> What is needed:
Copy each line below holding "with".

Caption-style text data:
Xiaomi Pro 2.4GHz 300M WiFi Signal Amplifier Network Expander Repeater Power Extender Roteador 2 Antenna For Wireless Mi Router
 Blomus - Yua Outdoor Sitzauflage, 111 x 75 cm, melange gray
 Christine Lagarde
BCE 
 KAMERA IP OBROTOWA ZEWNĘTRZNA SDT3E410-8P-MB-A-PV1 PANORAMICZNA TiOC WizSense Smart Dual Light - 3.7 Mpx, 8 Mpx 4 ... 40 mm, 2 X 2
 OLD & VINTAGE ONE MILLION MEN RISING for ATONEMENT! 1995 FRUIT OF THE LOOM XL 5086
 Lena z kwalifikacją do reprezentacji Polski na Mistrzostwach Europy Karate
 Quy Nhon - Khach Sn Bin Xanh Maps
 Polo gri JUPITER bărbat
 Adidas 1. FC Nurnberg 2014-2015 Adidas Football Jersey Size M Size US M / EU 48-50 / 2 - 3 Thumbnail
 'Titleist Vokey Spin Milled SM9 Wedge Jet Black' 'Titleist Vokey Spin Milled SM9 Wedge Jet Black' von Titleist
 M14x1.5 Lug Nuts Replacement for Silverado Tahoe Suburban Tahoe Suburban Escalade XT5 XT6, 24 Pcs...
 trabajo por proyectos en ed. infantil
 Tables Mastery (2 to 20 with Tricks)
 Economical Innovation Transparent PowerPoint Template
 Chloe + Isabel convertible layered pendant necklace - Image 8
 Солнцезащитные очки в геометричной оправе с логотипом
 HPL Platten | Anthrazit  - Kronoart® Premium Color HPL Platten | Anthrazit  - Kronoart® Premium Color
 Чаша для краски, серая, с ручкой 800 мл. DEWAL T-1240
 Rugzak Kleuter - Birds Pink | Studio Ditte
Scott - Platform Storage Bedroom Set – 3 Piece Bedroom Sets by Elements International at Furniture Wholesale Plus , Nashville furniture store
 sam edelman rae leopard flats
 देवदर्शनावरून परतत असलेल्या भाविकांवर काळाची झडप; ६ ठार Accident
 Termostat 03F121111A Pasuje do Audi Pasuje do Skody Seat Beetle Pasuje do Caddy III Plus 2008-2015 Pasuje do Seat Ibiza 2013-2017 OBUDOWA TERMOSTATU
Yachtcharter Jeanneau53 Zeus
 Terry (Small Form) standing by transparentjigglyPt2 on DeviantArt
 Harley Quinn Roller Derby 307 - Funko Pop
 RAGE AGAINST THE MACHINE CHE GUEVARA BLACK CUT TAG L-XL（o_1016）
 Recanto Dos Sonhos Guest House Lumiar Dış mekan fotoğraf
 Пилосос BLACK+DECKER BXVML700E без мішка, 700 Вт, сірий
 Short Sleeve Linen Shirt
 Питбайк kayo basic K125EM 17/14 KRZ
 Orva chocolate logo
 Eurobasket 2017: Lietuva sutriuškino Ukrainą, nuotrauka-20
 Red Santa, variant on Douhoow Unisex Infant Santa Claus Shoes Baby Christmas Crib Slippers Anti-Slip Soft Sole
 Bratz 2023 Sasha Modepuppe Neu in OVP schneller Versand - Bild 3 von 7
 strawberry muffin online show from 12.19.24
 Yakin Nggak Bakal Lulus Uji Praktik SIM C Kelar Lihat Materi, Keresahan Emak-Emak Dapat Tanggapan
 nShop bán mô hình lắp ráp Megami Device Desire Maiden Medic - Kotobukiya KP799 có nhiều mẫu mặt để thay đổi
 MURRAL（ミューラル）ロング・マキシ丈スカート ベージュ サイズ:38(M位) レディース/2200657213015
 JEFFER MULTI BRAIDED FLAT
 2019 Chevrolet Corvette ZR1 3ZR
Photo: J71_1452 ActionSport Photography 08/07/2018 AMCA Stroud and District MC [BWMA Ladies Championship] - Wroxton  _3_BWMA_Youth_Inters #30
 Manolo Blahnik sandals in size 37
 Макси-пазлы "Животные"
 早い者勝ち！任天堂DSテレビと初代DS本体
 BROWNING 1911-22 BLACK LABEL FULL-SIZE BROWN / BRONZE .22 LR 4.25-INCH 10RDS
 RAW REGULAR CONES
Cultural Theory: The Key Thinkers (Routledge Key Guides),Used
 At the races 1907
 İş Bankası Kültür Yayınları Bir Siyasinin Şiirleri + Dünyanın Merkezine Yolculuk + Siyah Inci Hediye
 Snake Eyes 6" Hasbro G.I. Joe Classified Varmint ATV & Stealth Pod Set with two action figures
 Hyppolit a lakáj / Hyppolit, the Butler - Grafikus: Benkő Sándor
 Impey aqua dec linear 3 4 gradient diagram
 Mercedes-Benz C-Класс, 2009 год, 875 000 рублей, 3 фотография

> Written solution:
 Tables Mastery (2 to 20 with Tricks)
 Snake Eyes 6" Hasbro G.I. Joe Classified Varmint ATV & Stealth Pod Set with two action figures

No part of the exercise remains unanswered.